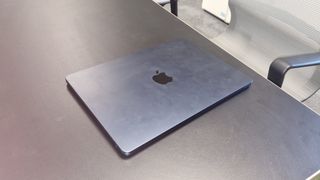 Laptop vs tablet; a photo of a MacBook Air laptop in an office on a black desk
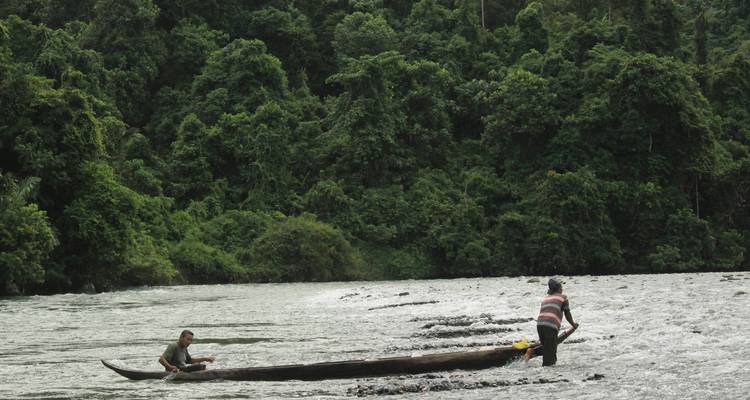 Deux personnes dans un bateau étroit sur une rivière tropicale avec une végétation dense.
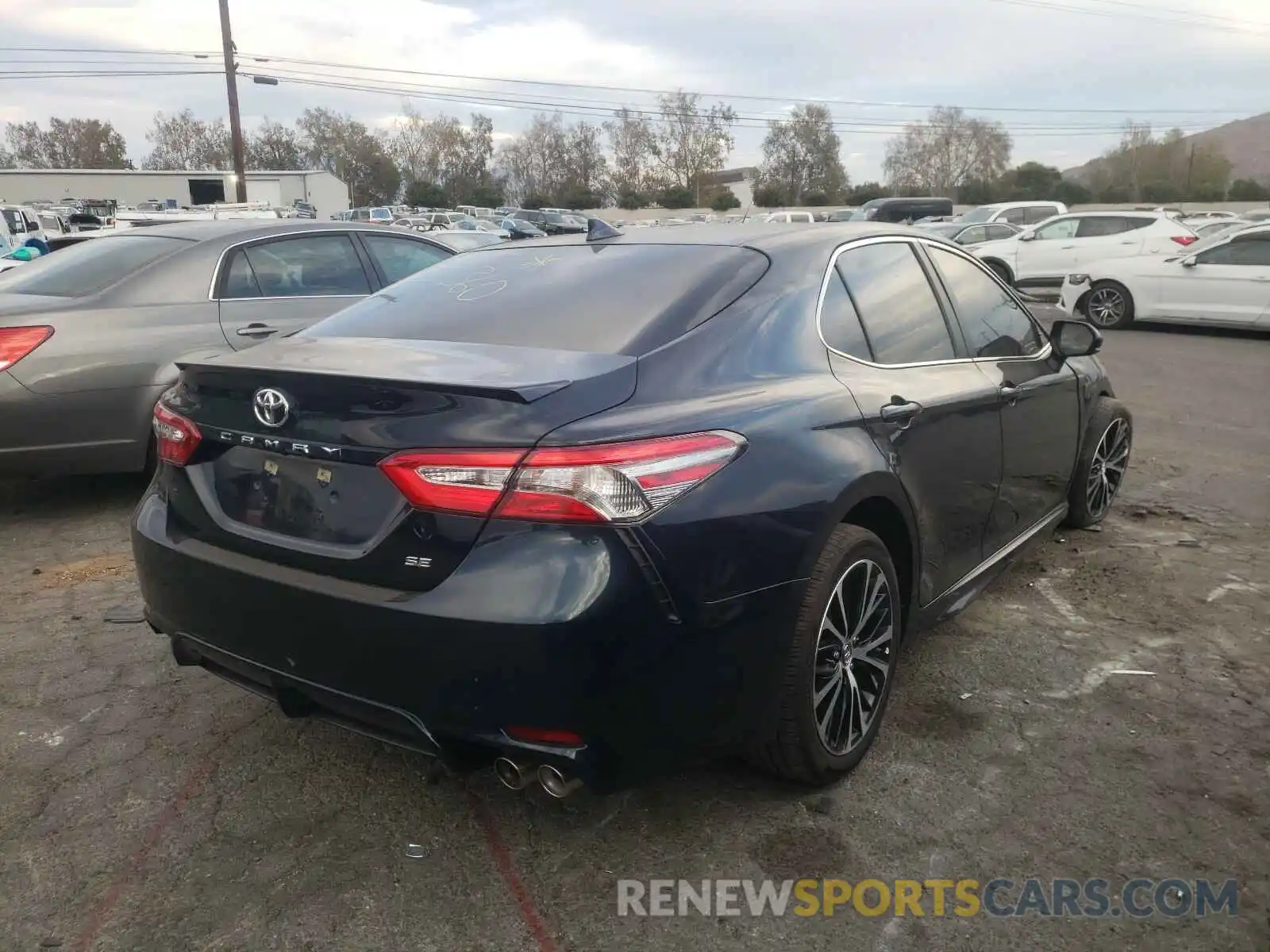 4 Photograph of a damaged car 4T1B11HK5KU745173 TOYOTA CAMRY 2019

○ ○ ○ ○

▶ [Aim of the exercise] Repeat the material above precisely as it appears, omitting the images it contains.

▶ [Answer section]
 Laptop vs tablet; a photo of a MacBook Air laptop in an office on a black desk
 Deux personnes dans un bateau étroit sur une rivière tropicale avec une végétation dense.
 4 Photograph of a damaged car 4T1B11HK5KU745173 TOYOTA CAMRY 2019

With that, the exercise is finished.